HOME FOR CHRISTMAS
By AZARD ALI Saturday, December 21 2013
AFTER a life on the streets, then days at the Youth Training Centre (YTC) after police held him for stealing a cellphone, a 15-year-old boy’s Christmas wish is coming true. He is going to have a home, after a San Fernando magistrate yesterday sent him to live with his aunt.
Magistrate Lisa Ramsumair-Hinds chose the aunt who attended the San Fernando Magistrates’ Court yesterday along with the boy’s mother.
The mother, who has other children, was allowed visitation rights to her son.
The boy was escorted from YTC and stood next to his mother and aunt before Ramsumair-Hinds in the courtroom.
The boy’s arrest two months ago for stealing a cellphone from a disabled man in a wheelchair, seemed a blessing in disguise, because he once lived on the streets in San Fernando. He begged for money to buy food under the eaves of fast food outlets at Gulf City Shopping Complex. When on December 6 the boy first appeared before Ramsumair-Hinds, he said his mother and father were dead. He asked the magistrate to be allowed to go home with one of the policemen on guard duty in the courtroom. Forced to remand him at YTC, Ramsumair-Hinds conducted a judicial inquiry into the boy’s life and found out that his father died before he was born. He then strayed from his mother and found a life on the streets. At the next court hearing on December 12, the mother turned up in court after the magistrate sent police officers to locate her.

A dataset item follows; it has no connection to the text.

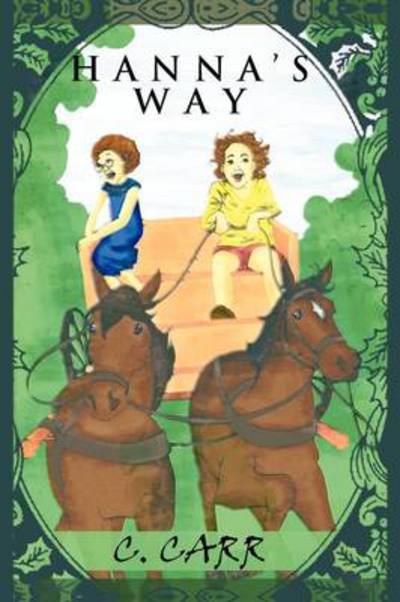 Cover for C Carr · Hanna's Way (Pocketbok) (2011)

In its very first case since it was established last year, the Children’s Authority of Trinidad and Tobago intervened upon learning of the boy’s plight via media reports of the case, and sought to represent the boy in court on December 12. Yesterday, the Children’s Authority legal affairs manager attorney Renuka Rambhajan, who has taken charge of the boy’s case, reappeared before Ramsumair-Hinds and pleaded for the boy to go home with the aunt for Christmas.
Rambhajan said the authority has since enrolled the boy into a mentorship programme of the Ministry of National Security. A private tutor, she said, is to be assigned to the boy to teach him. The boy is to also attend a programme at the National Energy Skills Centre.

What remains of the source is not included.